SNS上には「まさかの『クローズZERO』展開」「甲冑姿のこんな殴り合い初めて見たかも」「大河史上最高のケンカだったな……畠山殿は勝負に勝って試合に負けたのだ」「畠山重忠と義時のタイマン勝負に涙が止まらなかった。『戦など誰がしたいと思うか!』と叫ぶ重忠にも涙」「畠山重忠と北条義時の肉弾の殴り合い。なぜか『クローズZERO』を見ているような感覚…滅びる者の悲しさと坂東武士の侠気と底に流れる男同士のお互いを信じる友情が、思いきり泣ける」などの声が続出。反響を呼んだ。
9/18(日) スポニチアネックス
https://news.yahoo.co.jp/articles/24190d59169698781d90aaa3465d3950d670d944
今回のテーマは、「誇りとは何か」ということではないか。実際に、畠山重忠について、北条義時のセリフとして「次郎は決して逃げようとしなかった。逃げるいわれがなかったからです。所領に戻って、兵を集めることもしなかった。戦ういわれがなかったからです。次郎がしたのは、ただ、己の誇りを守ることのみ。(首桶を時政に差し出し)検めていただきたい。あなたの目で。執権を続けていくのであれば、あなたは見るべきだ!父上!」<上記より抜粋>ということを言わせている。史実の中でも上記に見えるように、本当に反旗を翻すのであれば、現在の嵐山町にある菅谷館に戻り、城に籠って戦えばよいし、地の利もあったはずである。そのようなことをしなかった、また降伏もしなかったという「史実」と今回のドラマの映像がうまく重なるようにできている。

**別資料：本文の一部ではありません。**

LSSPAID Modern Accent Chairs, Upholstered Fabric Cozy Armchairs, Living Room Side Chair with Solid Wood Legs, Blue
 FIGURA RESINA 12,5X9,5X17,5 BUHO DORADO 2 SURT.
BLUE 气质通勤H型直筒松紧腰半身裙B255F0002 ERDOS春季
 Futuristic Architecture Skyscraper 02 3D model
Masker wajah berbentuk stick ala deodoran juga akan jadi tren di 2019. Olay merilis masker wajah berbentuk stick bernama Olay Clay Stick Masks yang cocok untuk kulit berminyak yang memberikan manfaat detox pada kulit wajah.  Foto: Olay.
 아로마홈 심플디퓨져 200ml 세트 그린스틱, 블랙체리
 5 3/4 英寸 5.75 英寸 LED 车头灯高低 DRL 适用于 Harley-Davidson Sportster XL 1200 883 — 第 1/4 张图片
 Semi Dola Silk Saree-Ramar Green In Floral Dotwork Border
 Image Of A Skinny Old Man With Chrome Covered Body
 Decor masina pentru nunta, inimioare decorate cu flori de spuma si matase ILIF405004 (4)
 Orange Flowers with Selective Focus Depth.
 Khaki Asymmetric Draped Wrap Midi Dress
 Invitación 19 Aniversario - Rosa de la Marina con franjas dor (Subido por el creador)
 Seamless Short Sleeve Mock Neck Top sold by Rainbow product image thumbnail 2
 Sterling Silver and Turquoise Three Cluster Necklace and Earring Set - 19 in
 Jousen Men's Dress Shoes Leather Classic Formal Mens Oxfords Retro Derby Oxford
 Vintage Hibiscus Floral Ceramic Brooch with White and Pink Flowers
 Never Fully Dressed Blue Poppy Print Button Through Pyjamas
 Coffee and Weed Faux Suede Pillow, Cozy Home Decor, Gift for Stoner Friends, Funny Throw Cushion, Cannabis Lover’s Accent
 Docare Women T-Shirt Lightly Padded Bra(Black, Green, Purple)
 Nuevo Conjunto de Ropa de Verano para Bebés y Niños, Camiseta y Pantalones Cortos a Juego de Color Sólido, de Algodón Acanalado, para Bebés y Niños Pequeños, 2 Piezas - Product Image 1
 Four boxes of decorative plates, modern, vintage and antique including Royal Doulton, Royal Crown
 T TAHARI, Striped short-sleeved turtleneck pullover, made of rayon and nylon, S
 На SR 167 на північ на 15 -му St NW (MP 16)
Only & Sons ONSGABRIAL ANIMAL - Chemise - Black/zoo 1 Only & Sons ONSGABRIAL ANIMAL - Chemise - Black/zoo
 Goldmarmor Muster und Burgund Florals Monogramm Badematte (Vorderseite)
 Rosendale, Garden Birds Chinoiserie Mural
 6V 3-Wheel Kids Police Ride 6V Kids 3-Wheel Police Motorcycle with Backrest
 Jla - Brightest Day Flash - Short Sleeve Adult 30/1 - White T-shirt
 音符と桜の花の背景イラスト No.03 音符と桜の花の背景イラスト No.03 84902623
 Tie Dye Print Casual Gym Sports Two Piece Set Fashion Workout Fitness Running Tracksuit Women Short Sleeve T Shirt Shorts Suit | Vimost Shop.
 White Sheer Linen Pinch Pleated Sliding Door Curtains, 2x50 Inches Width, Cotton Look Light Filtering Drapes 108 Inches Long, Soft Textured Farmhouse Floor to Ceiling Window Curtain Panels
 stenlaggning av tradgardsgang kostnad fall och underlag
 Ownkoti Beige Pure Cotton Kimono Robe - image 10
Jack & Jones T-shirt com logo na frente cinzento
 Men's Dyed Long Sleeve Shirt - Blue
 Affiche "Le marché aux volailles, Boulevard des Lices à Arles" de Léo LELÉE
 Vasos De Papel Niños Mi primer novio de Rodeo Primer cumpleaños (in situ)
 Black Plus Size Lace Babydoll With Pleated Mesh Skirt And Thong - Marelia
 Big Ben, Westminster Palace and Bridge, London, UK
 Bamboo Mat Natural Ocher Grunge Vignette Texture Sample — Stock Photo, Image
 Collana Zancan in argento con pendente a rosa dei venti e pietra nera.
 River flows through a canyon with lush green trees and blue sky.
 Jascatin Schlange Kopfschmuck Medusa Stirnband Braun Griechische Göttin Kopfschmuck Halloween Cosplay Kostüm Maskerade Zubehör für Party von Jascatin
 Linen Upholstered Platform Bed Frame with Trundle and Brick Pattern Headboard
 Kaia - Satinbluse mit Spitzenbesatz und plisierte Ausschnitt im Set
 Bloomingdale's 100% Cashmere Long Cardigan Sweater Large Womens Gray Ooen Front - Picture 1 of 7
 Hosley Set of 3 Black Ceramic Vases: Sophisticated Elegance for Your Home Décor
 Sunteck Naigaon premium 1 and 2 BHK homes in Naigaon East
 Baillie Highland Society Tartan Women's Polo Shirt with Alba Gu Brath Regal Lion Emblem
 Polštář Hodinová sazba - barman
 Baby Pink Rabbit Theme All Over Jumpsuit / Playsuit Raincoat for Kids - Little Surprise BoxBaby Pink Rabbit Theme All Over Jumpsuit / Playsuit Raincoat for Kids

もう一つは「誇りをかけた戦い」とは「勝つこと」ではなく「心を攻めること」ではなかったか。実際に、今回の甲冑をつけての殴り合い、それも大河ドラマの中での2分30秒は、それだけの意味があったのではないか。文字通り「こぶしでわかり合う」ということは、そのような事であったのではないかということが容易に推測ができる。
そして戦いが終わった後の畠山重忠は、満足そうに笑みを浮かべ馬に乗って悠然と引き返し、そして北条義時は涙を流している。このような「男と漢の心の動き」がわかるのは、現在「ジェンダー」とか言っている人々には少し難しいのかもしれない。
その前にも、北条時政が、りくに向かって「戦を知らぬ女が口出しをするな」と一喝するところは、やはり男の世界に女性が口を出して混乱させているということを、うまく三谷幸喜氏が皮肉的に書いたのではないかという気がする。後に、このりくのこざかしさから北条時政は鎌倉を追放されてしまうのであるから、この時の時政の感はすべて当たっていたということになろう。
まさに「男の誇り」というのは何か。その一言に尽きる。その間にも和田義盛のことなどで笑いをとることを忘れない三谷幸喜氏であるが、しかし、その中に様々な仕掛けがあり、そしてその仕掛けの中から、様々な内容が書かれている。史実に従った掻き方であるが、その表現は「戦争を忌避し、相手をわかり合うことを避けている現代の人々(男)への痛烈なメッセージ」が込められているのではないか。そのように感じるのである。これは私の個人的な考えを投影しているのであろうか。
畠山重忠は、それだけ当時の人々に人気があり、また、力を持っていた。その人物を倒してから、北条時政を対序させた義時が、最も大変な人物になっている。そして、そのことを「頼朝さまから習いました」と言わせる三谷幸喜氏も、すごい。「見習った」という、現在のように教科書のない時代の徒弟制度をしっかりと書いているということになる。
この現代の様々な社会現象へのアンチテーゼ的な物語を、一気に今回見せられた気がする。それを笑いと時代ドラマの中に込めてしまうところがすごいのかもしれない。